[ACTIVITY]
What are the lines, copied exactly, from the one containing "34, Anglesey Avenue, Farnborough photo 3" through the final line of the material? Leave the pictures out.

##### DATASET SECTION

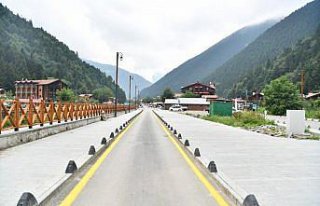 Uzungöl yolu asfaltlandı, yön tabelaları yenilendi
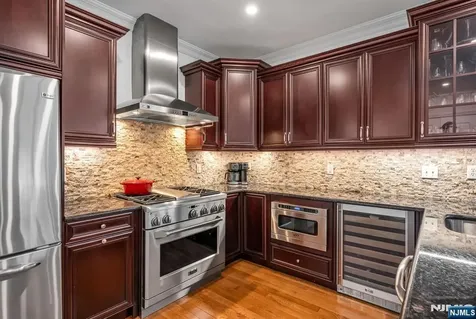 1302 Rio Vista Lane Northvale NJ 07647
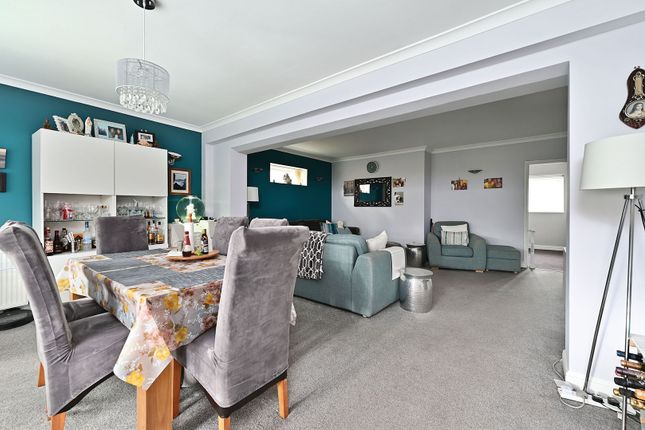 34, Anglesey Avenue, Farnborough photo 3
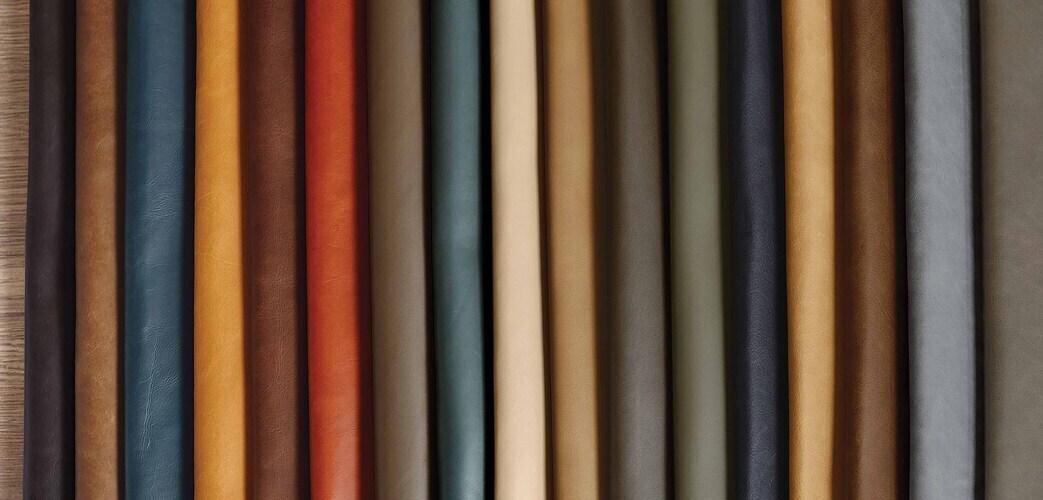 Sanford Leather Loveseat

##########

[WRITTEN RESPONSE]
 34, Anglesey Avenue, Farnborough photo 3
 Sanford Leather Loveseat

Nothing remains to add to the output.